- [Task statement]
With the pictures left out, write out exactly the lines of the listing below that run from the line with "Women's High Top Sneakers" through the line with "alimento icono gratis".

- [Source material]
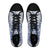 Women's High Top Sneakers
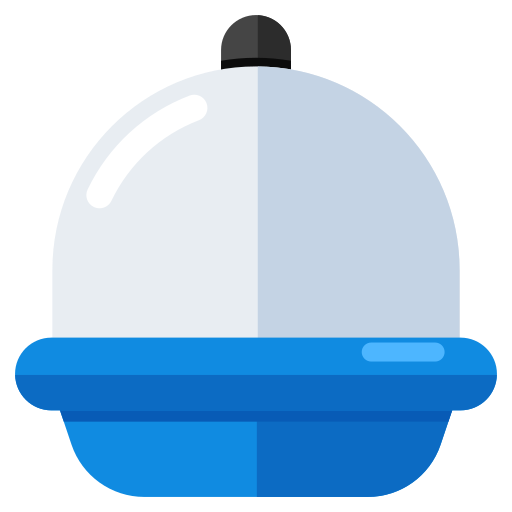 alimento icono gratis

...

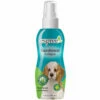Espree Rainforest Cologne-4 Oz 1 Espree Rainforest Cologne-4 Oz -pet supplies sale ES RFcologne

--

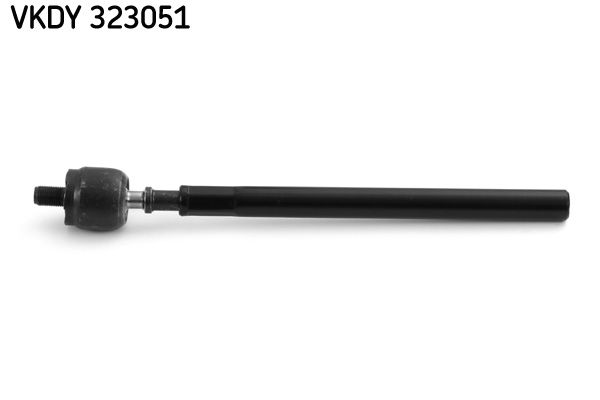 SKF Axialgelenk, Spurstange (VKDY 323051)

- [Completed exercise]
 Women's High Top Sneakers
 alimento icono gratis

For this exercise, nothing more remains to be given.